Records for the exercise

------

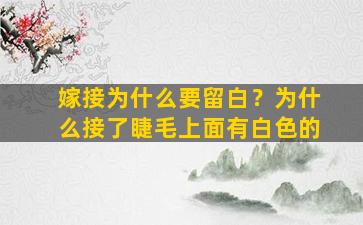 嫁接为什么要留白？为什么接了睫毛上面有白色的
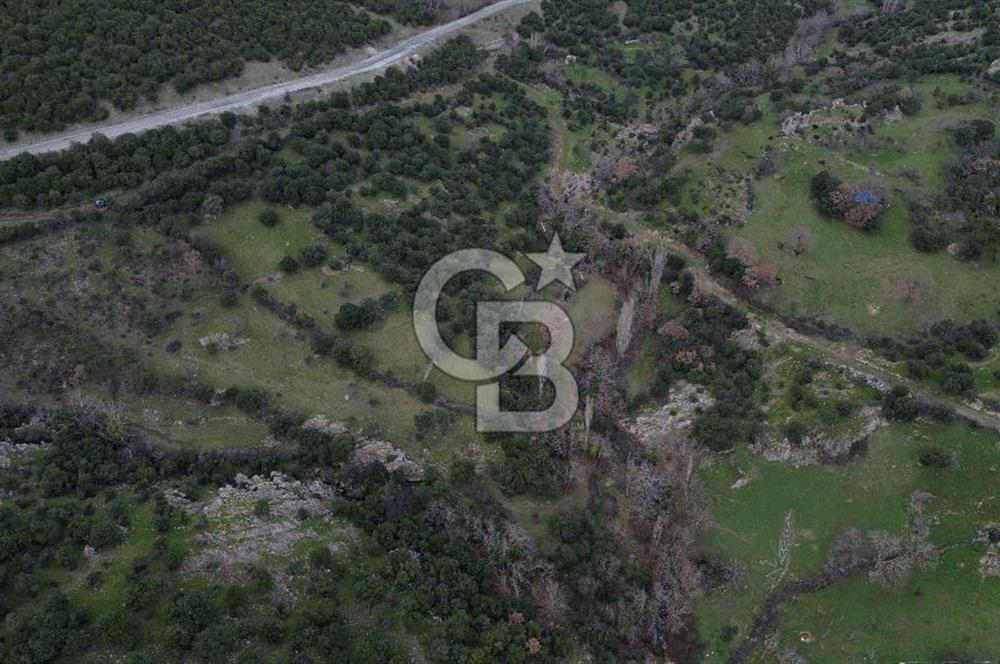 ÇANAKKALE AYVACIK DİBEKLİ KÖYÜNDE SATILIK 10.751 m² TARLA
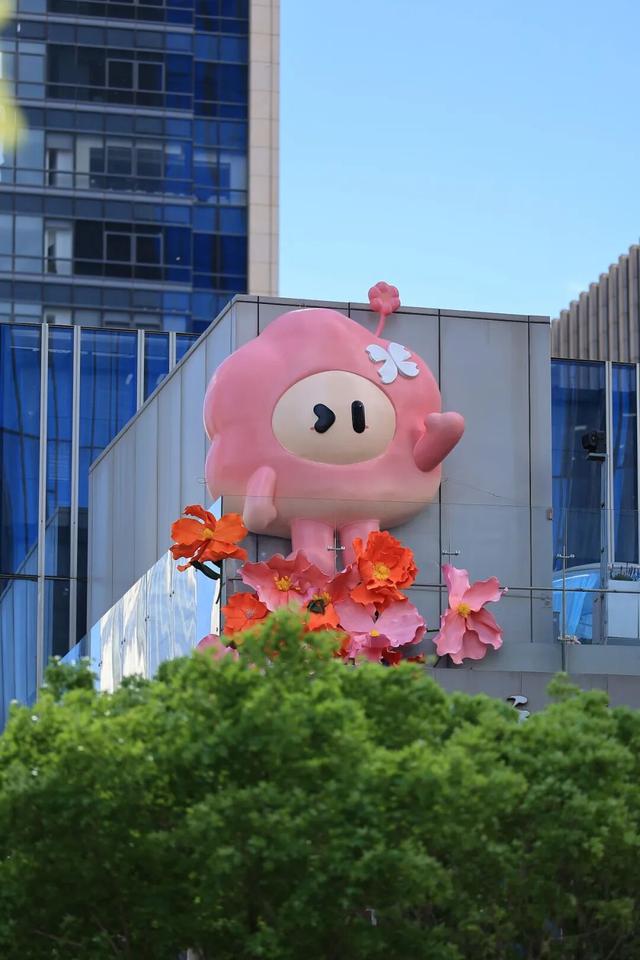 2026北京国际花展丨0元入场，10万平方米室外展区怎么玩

------

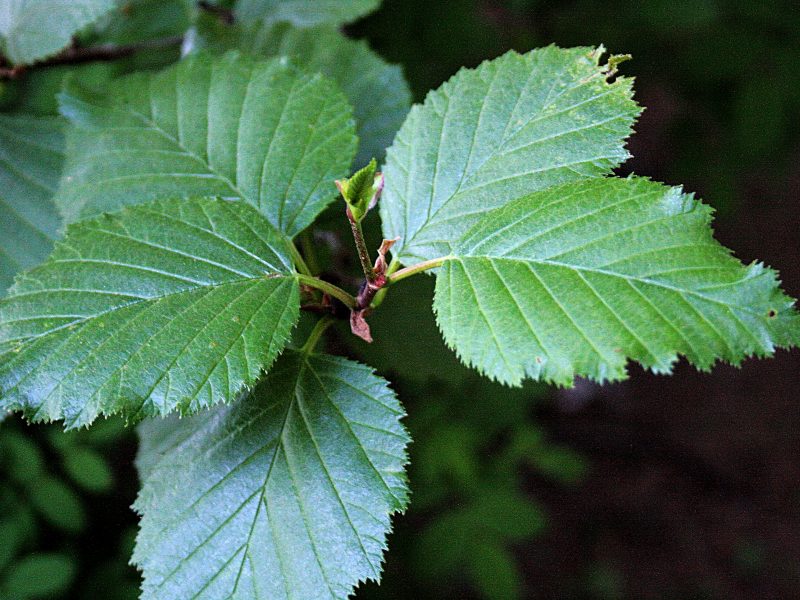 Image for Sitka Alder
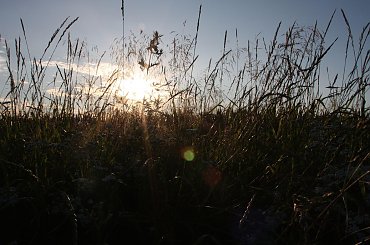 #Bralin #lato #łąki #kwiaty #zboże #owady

------

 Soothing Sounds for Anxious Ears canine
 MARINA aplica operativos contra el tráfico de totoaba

------

Exercise goal
Having found the line with "嫁接为什么要留白？为什么接了睫毛上面有白色的" and the line with "2026北京国际花展丨0元入场，10万平方米室外展区怎么玩" in the material above, write out exactly those two and every line between, leaving the pictures out.

Completed task
 嫁接为什么要留白？为什么接了睫毛上面有白色的
 ÇANAKKALE AYVACIK DİBEKLİ KÖYÜNDE SATILIK 10.751 m² TARLA
 2026北京国际花展丨0元入场，10万平方米室外展区怎么玩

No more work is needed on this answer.